• [TASK STATEMENT]
After reading the data, copy it out in full and exactly.

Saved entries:
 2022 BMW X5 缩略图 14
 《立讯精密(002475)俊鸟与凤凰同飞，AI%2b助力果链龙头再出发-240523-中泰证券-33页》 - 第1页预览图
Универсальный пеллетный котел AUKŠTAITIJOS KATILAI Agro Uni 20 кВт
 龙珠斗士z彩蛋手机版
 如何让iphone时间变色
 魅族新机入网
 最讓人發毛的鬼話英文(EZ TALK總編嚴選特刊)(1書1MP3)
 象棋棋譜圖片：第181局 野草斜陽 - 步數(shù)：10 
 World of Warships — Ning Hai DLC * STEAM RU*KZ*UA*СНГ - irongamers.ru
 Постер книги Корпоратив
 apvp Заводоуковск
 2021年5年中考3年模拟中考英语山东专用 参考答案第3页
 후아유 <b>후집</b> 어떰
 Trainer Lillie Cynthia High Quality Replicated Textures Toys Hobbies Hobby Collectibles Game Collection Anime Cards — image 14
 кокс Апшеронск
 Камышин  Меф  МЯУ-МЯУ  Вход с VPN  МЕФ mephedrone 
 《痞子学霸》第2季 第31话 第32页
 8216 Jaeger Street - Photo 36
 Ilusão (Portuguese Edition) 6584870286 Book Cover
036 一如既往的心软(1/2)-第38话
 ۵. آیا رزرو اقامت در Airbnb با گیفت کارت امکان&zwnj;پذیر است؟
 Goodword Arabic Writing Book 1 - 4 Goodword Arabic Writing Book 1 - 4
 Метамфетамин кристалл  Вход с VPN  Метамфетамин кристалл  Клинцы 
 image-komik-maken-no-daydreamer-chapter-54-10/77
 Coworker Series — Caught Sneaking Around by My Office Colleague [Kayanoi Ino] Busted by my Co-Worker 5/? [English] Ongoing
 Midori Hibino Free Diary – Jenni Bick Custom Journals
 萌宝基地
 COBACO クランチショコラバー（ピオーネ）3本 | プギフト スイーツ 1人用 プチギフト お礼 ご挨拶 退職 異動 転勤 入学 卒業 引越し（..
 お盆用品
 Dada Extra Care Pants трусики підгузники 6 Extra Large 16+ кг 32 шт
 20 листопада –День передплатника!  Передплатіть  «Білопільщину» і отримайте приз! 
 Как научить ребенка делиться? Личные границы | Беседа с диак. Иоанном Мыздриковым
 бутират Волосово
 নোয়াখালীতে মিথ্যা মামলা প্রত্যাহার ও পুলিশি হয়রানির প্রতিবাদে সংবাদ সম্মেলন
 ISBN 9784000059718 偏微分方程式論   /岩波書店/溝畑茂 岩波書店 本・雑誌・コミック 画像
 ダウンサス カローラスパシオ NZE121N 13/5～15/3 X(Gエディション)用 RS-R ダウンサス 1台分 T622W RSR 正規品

• [YOUR SOLUTION]
 2022 BMW X5 缩略图 14
 《立讯精密(002475)俊鸟与凤凰同飞，AI%2b助力果链龙头再出发-240523-中泰证券-33页》 - 第1页预览图
Универсальный пеллетный котел AUKŠTAITIJOS KATILAI Agro Uni 20 кВт
 龙珠斗士z彩蛋手机版
 如何让iphone时间变色
 魅族新机入网
 最讓人發毛的鬼話英文(EZ TALK總編嚴選特刊)(1書1MP3)
 象棋棋譜圖片：第181局 野草斜陽 - 步數(shù)：10 
 World of Warships — Ning Hai DLC * STEAM RU*KZ*UA*СНГ - irongamers.ru
 Постер книги Корпоратив
 apvp Заводоуковск
 2021年5年中考3年模拟中考英语山东专用 参考答案第3页
 후아유 <b>후집</b> 어떰
 Trainer Lillie Cynthia High Quality Replicated Textures Toys Hobbies Hobby Collectibles Game Collection Anime Cards — image 14
 кокс Апшеронск
 Камышин  Меф  МЯУ-МЯУ  Вход с VPN  МЕФ mephedrone 
 《痞子学霸》第2季 第31话 第32页
 8216 Jaeger Street - Photo 36
 Ilusão (Portuguese Edition) 6584870286 Book Cover
036 一如既往的心软(1/2)-第38话
 ۵. آیا رزرو اقامت در Airbnb با گیفت کارت امکان&zwnj;پذیر است؟
 Goodword Arabic Writing Book 1 - 4 Goodword Arabic Writing Book 1 - 4
 Метамфетамин кристалл  Вход с VPN  Метамфетамин кристалл  Клинцы 
 image-komik-maken-no-daydreamer-chapter-54-10/77
 Coworker Series — Caught Sneaking Around by My Office Colleague [Kayanoi Ino] Busted by my Co-Worker 5/? [English] Ongoing
 Midori Hibino Free Diary – Jenni Bick Custom Journals
 萌宝基地
 COBACO クランチショコラバー（ピオーネ）3本 | プギフト スイーツ 1人用 プチギフト お礼 ご挨拶 退職 異動 転勤 入学 卒業 引越し（..
 お盆用品
 Dada Extra Care Pants трусики підгузники 6 Extra Large 16+ кг 32 шт
 20 листопада –День передплатника!  Передплатіть  «Білопільщину» і отримайте приз! 
 Как научить ребенка делиться? Личные границы | Беседа с диак. Иоанном Мыздриковым
 бутират Волосово
 নোয়াখালীতে মিথ্যা মামলা প্রত্যাহার ও পুলিশি হয়রানির প্রতিবাদে সংবাদ সম্মেলন
 ISBN 9784000059718 偏微分方程式論   /岩波書店/溝畑茂 岩波書店 本・雑誌・コミック 画像
 ダウンサス カローラスパシオ NZE121N 13/5～15/3 X(Gエディション)用 RS-R ダウンサス 1台分 T622W RSR 正規品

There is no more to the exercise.